Let's not forget Erofeyev's Moscow to the End of the Line.
"Two bottles Kubansky Vodka at two sixty-two, together five twenty-four. Then: two quarter-litres Rossyski at one sixty-four each, together five twenty-four plus three twenty-eight. Eight rubles fifty-two kopecks. And then some of that red stuff. It'll spring to my mind. Yes, sweet rosé of one thirty-seven."

61janeajones
Jan 31, 2010, 3:02 pm

Or Ironweed by William Kennedy made into a harrowing film with Jack Nicholson and Meryl Streep.

62citygirl
Feb 1, 2010, 10:12 am

*sigh* I miss New Orleans, where no one has a drinking problem. And you can walk to the Rite Aid to replenish your supply when you're too "tipsy" to drive. And every neighborhood has cozy dive that never seems to close. And you can get "geaux" cups. (Just try asking for one of those at a bar anywhere else.) And, yes, I even miss the drive-through daiquiri shops. It doesn't matter whether your have the straw in or not b/c it just looks like you're drinking a slurpie. (Not that I would ever drink and drive. I mean as a passenger.) *looks away quickly*

I hate the taste of licorice, but my husband was happy that Absinthe was legal.

You know, I never thought about it before, but booze is the great unifier of NOLA. You can have conversations with people in so many walks of life, in one night. (Okay, not particularly deep, but I think it might be true.)

63polutropos
Feb 1, 2010, 12:16 pm

I grew up in Czechoslovakia, which I believe still has the highest consumption of beer per capita and NO age restrictions whatsoever. It was a totally normal sight to see five-year old children go into the neighborhood pub with a huge pitcher, have it filled to the rim and then carry it back home for the parents. Of course along the way you would slosh some of it off, and some you would drink, just to make sure it could not get spilled.

And eight year olds could go up to the bar and order several beers for their own consumption, and nobody blinked.

Are there more alcoholics in Czechoslovakia than other places? I don't think so. There used to be a lot of public drunkenness, but again, nobody fussed about it at all.
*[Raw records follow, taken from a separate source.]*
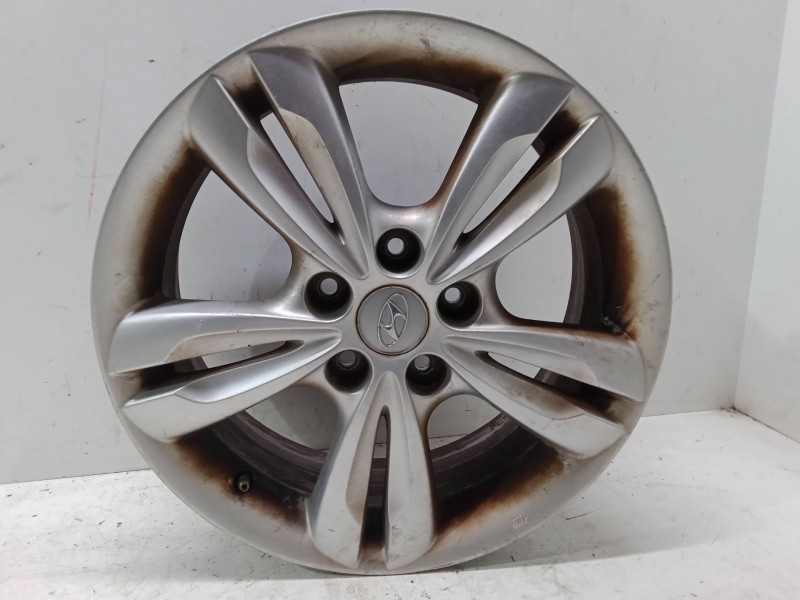 Recambio de llanta aluminio 17´´ para hyundai ix35 (lm, el, elh) 1.7 crdi referencia OEM IAM   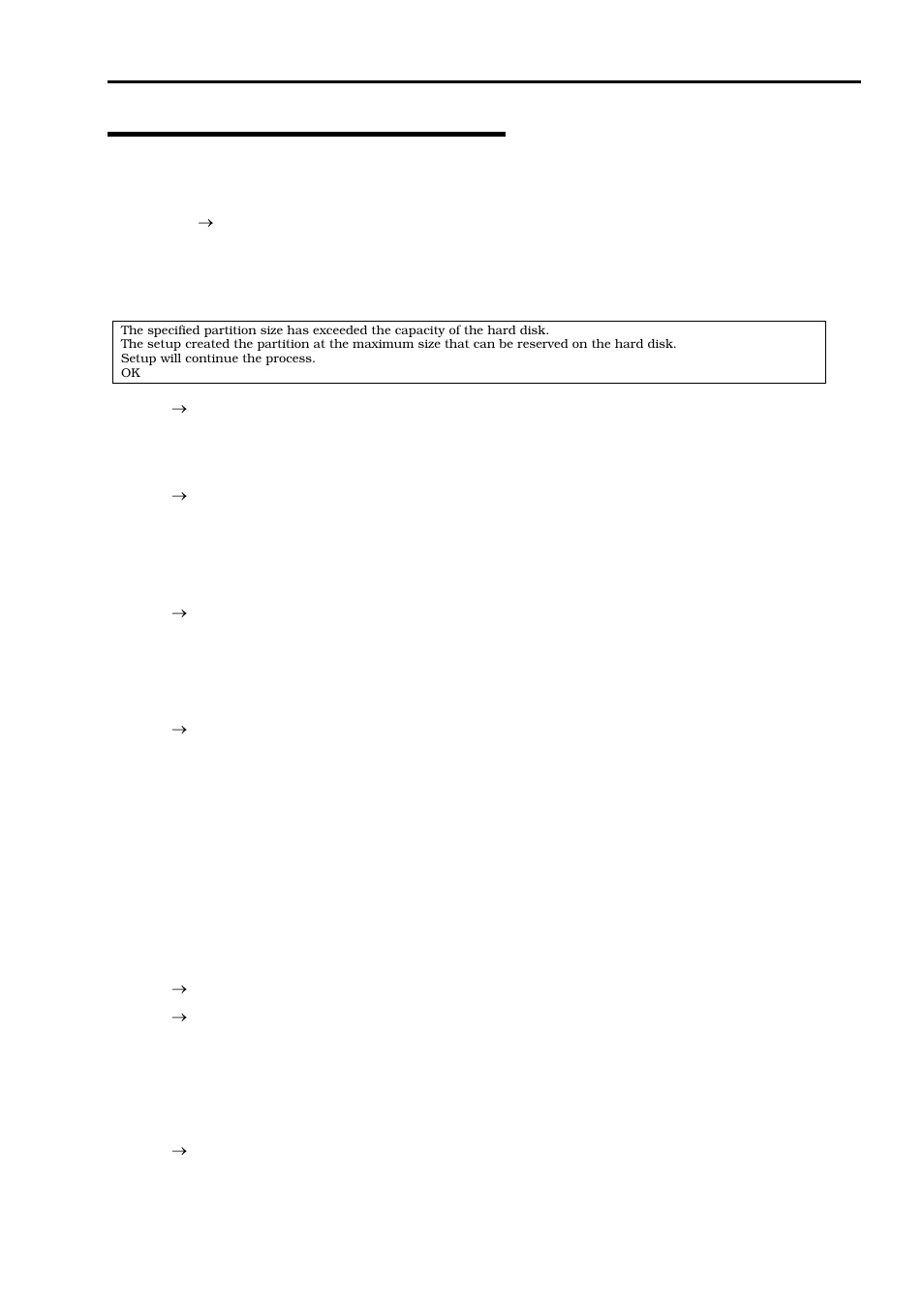 Problems with express setup | NEC 140He User Manual | Page 245 / 360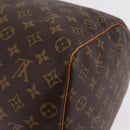 LOUIS VUITTON Monogram Keepall 50 Boston Bag M41426 LV Auth ka6829-14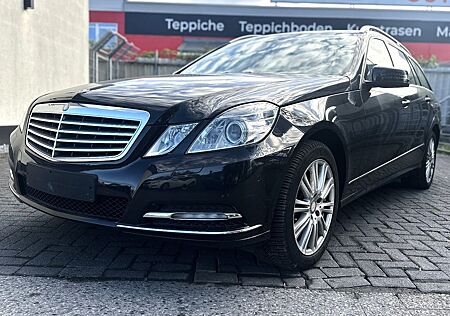 Mercedes-Benz E 200 ZWEITBESITZ+PANO+NAVI+TEMP+MFL+GARANTIE+TÜV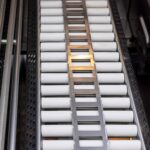 blaze ceramic tube tray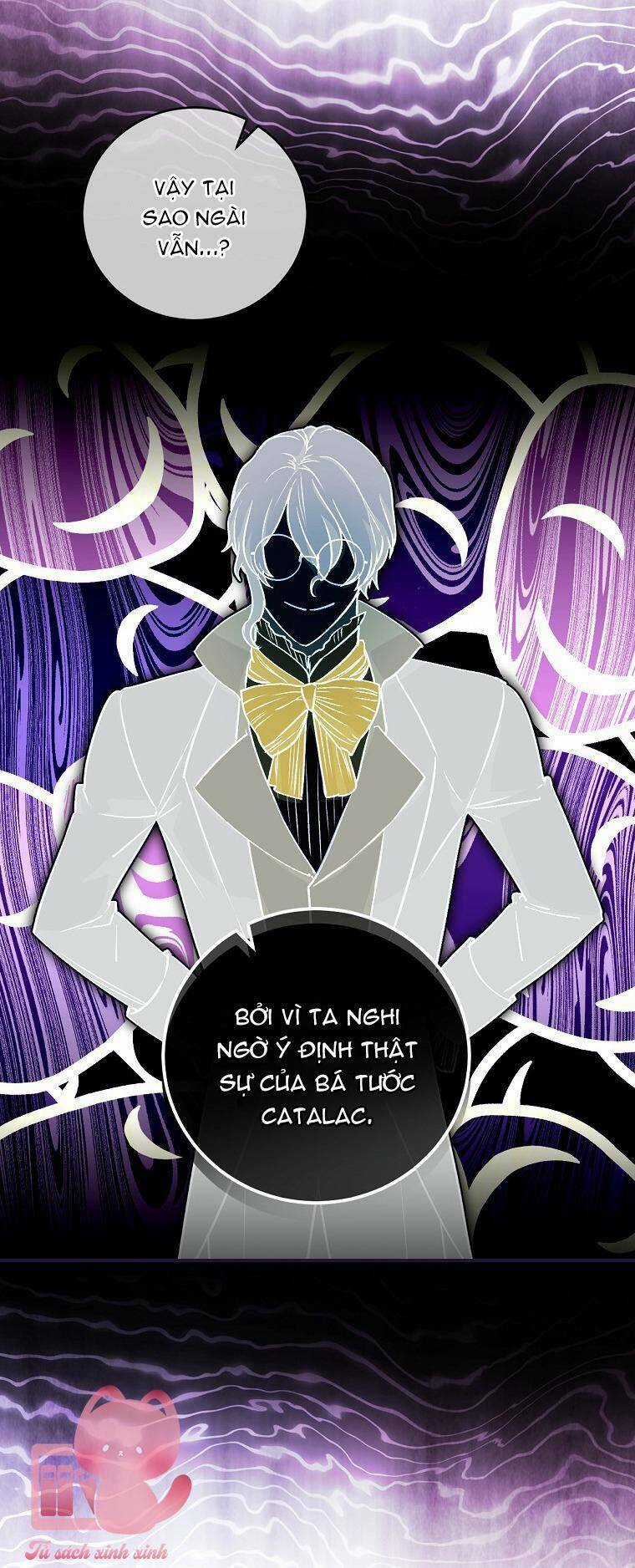 Siêu Năng Lực Của Thị Nữ Chapter 73 trang 41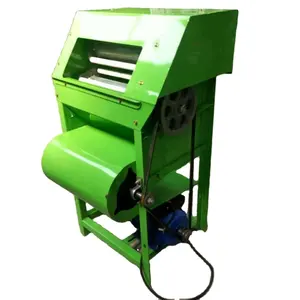 Weiwei Peanut seed shelling machine is not rotten for supporting the oil press workshop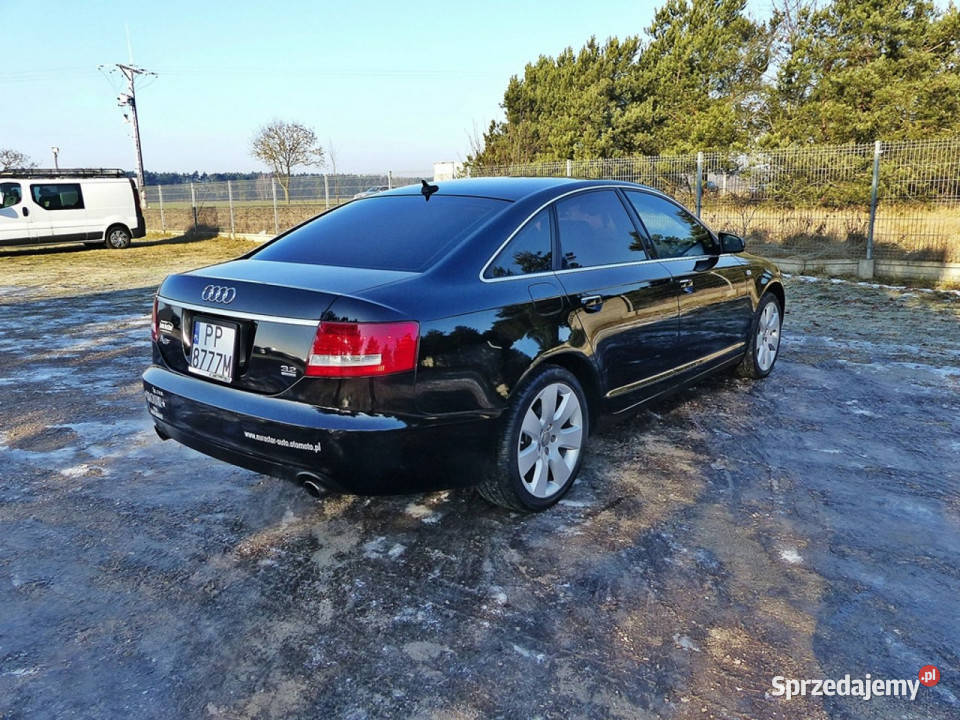 Audi A6 Limousine 32 V6 automatyczna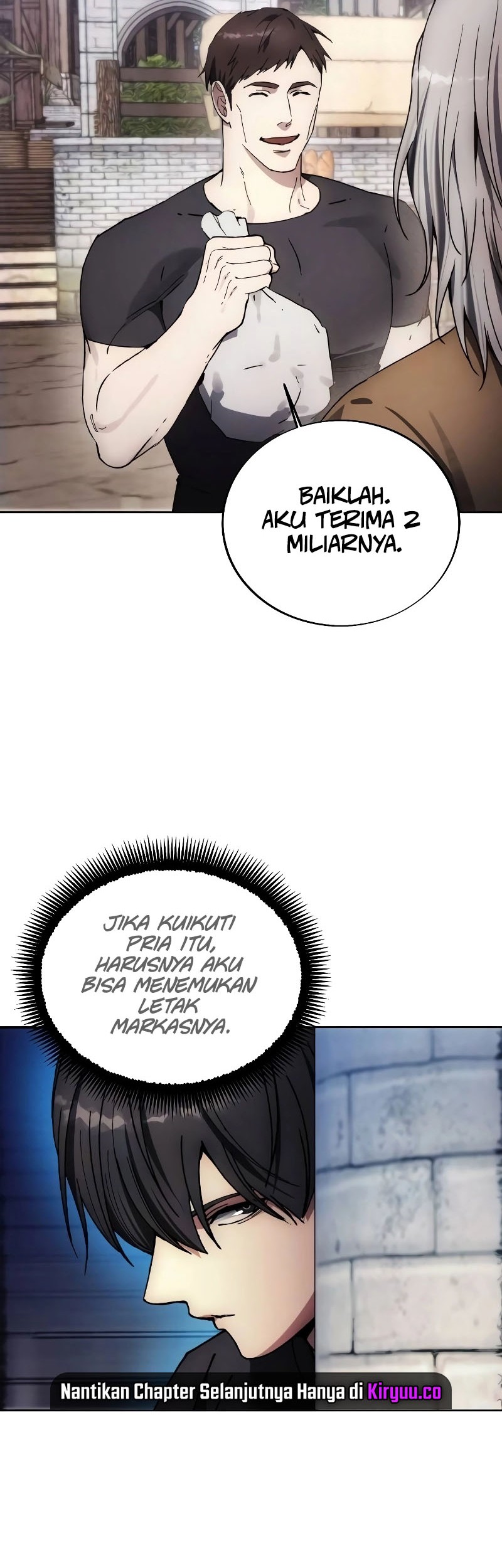 How to Live as a Villain Chapter 153 Gambar 27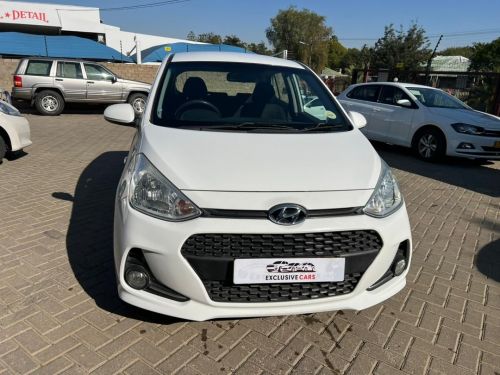 Hyundai Grand i10 1.0 Motion Manual in Namibia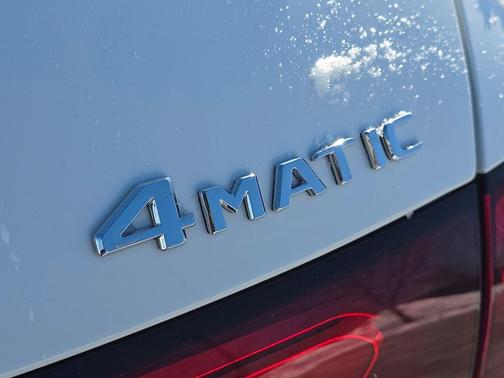 2026 Mercedes-Benz GLC 300 Base 4MATIC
Hmmm, this IS a book thread, right, Rique? The great Czech novel which everyone should read is The Good Soldier Svejk by Hasek. It has a spectacular scene in which a man keels over dead drunk after a night of carousing. His superior officer leans over him, takes a sniff and identifies the variety of twenty liquers the man had consumed. A great comic masterpiece. Joseph Heller said he could not have written Catch-22 if Hasek had not written Svejk.

64LisaCurcio
Feb 1, 2010, 1:42 pm

You see, booze and reading are related. (Of course, Murr has known this all along.) And thank you Andrew for adding to my wishlist!

65Kirconnell
Feb 8, 2010, 5:29 am

In the "spirit" of this thread let me add that in Texas we call stores that sell alcohol package stores. Do you think that we are trying to fool ourselves?
Velma

66QuentinTom
Feb 8, 2010, 6:44 am

ooooh velma, I do like a nice package.